**Activity:** Nothing but the lines below from the one that contains "HEAD Kids' Club B Tracksuit Bottoms" through the one that contains "KTS-1920 - Imagen 4" should be retyped, exactly and including both ends. Do not include pictures.

**Data listing:**
• • • •

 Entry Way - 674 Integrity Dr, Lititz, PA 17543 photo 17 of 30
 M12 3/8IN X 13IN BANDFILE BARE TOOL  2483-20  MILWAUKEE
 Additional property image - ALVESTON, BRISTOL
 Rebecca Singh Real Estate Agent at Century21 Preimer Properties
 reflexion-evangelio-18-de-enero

• • • •

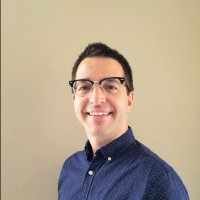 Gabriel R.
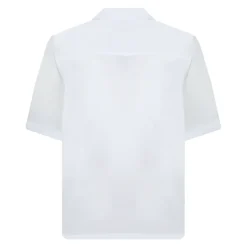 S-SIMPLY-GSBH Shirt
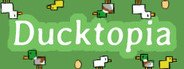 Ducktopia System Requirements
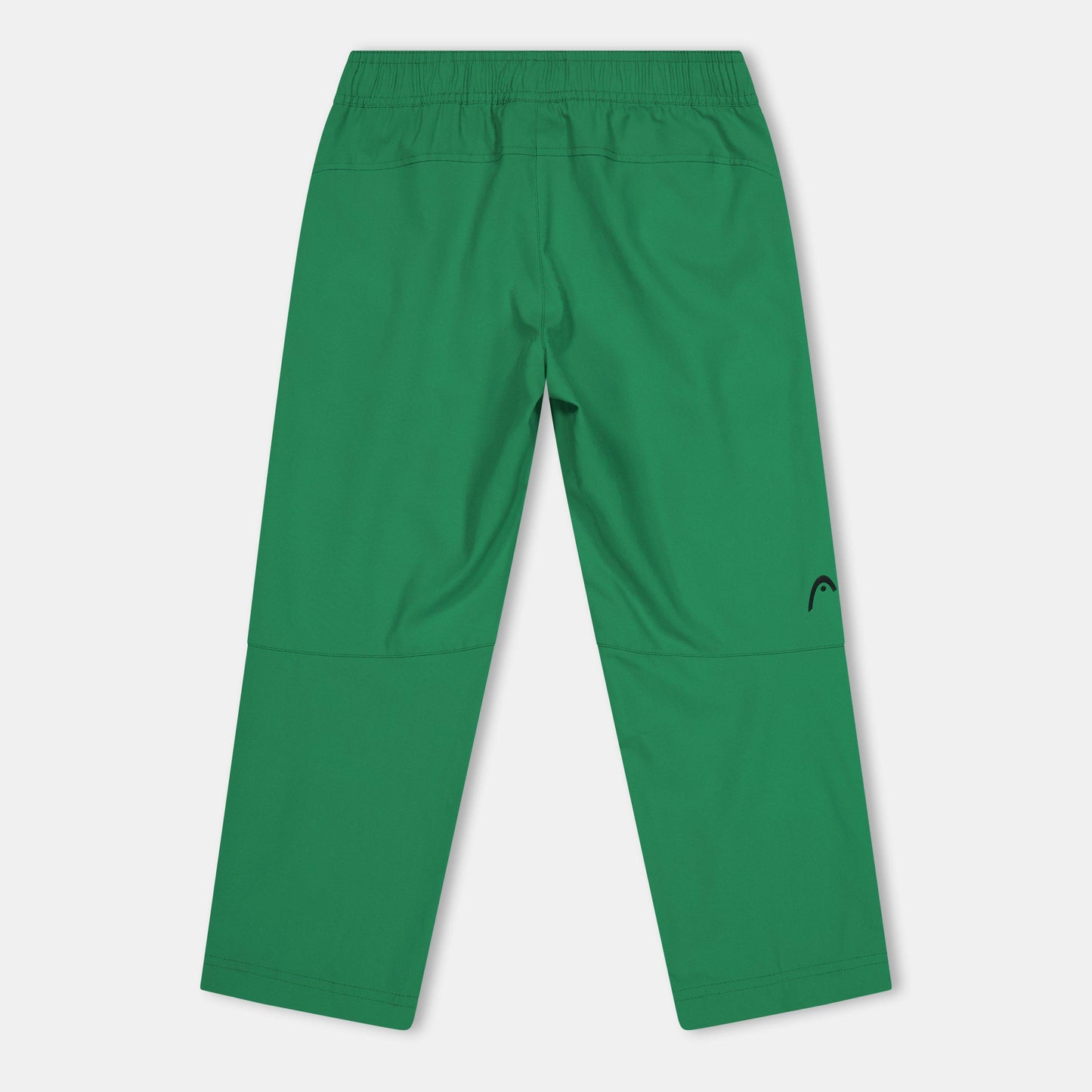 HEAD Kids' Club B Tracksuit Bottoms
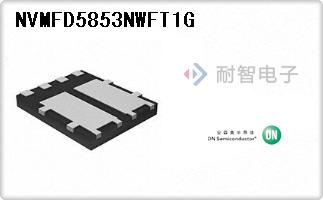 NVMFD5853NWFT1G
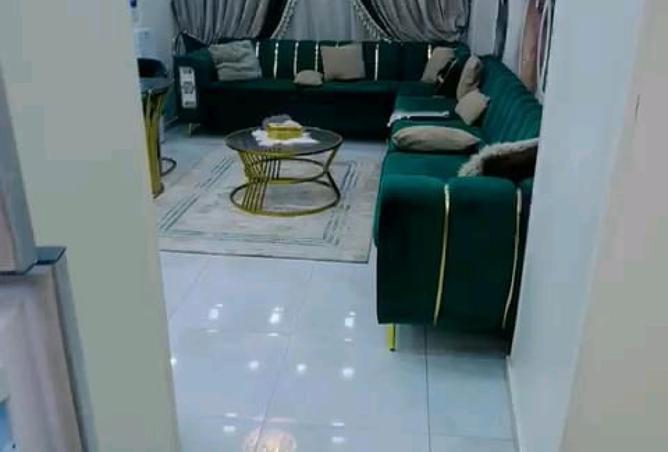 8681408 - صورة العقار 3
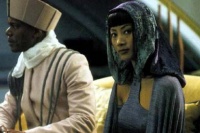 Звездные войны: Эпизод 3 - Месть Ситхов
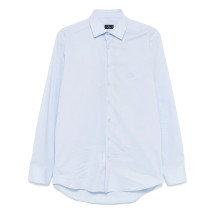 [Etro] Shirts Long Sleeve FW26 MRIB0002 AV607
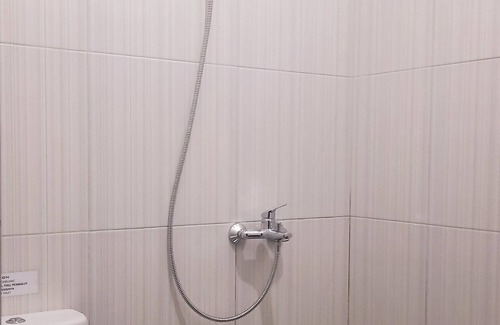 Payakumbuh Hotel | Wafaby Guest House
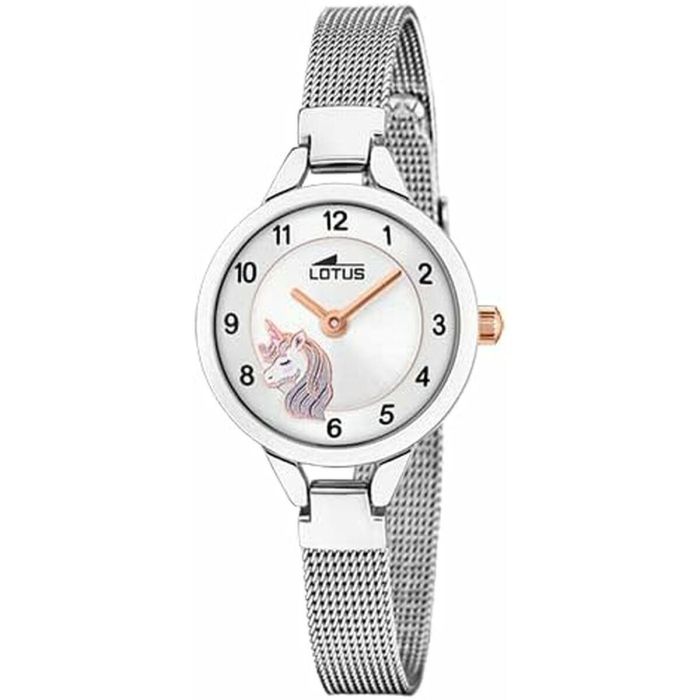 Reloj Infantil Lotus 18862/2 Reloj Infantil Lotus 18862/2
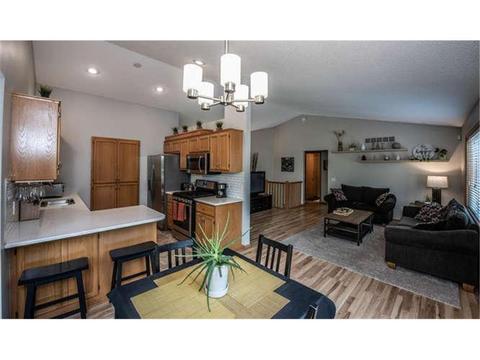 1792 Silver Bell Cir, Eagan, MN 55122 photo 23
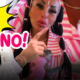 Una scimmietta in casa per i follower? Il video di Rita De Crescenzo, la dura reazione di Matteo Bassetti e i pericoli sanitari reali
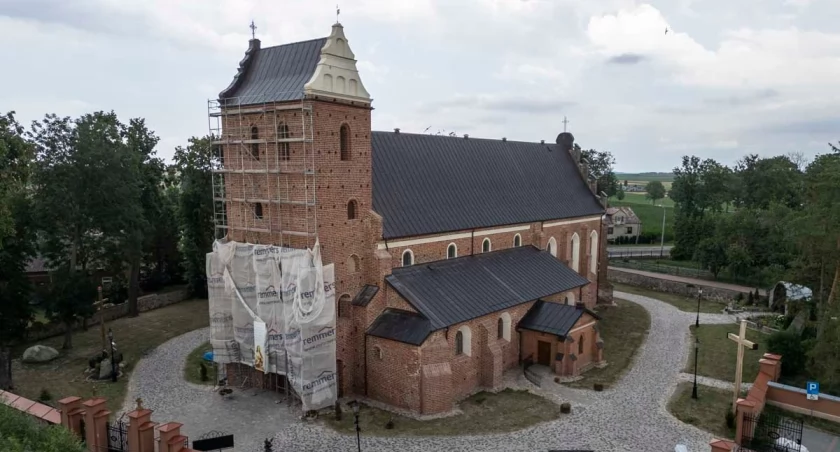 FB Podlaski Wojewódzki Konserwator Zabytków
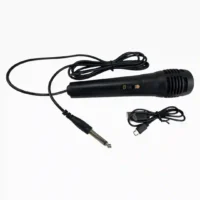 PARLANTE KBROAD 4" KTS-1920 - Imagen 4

• • • •

**The answer:**
 HEAD Kids' Club B Tracksuit Bottoms
 NVMFD5853NWFT1G
 8681408 - صورة العقار 3
 Звездные войны: Эпизод 3 - Месть Ситхов
 [Etro] Shirts Long Sleeve FW26 MRIB0002 AV607
 Payakumbuh Hotel | Wafaby Guest House
 Reloj Infantil Lotus 18862/2 Reloj Infantil Lotus 18862/2
 1792 Silver Bell Cir, Eagan, MN 55122 photo 23
 Una scimmietta in casa per i follower? Il video di Rita De Crescenzo, la dura reazione di Matteo Bassetti e i pericoli sanitari reali
 FB Podlaski Wojewódzki Konserwator Zabytków
 PARLANTE KBROAD 4" KTS-1920 - Imagen 4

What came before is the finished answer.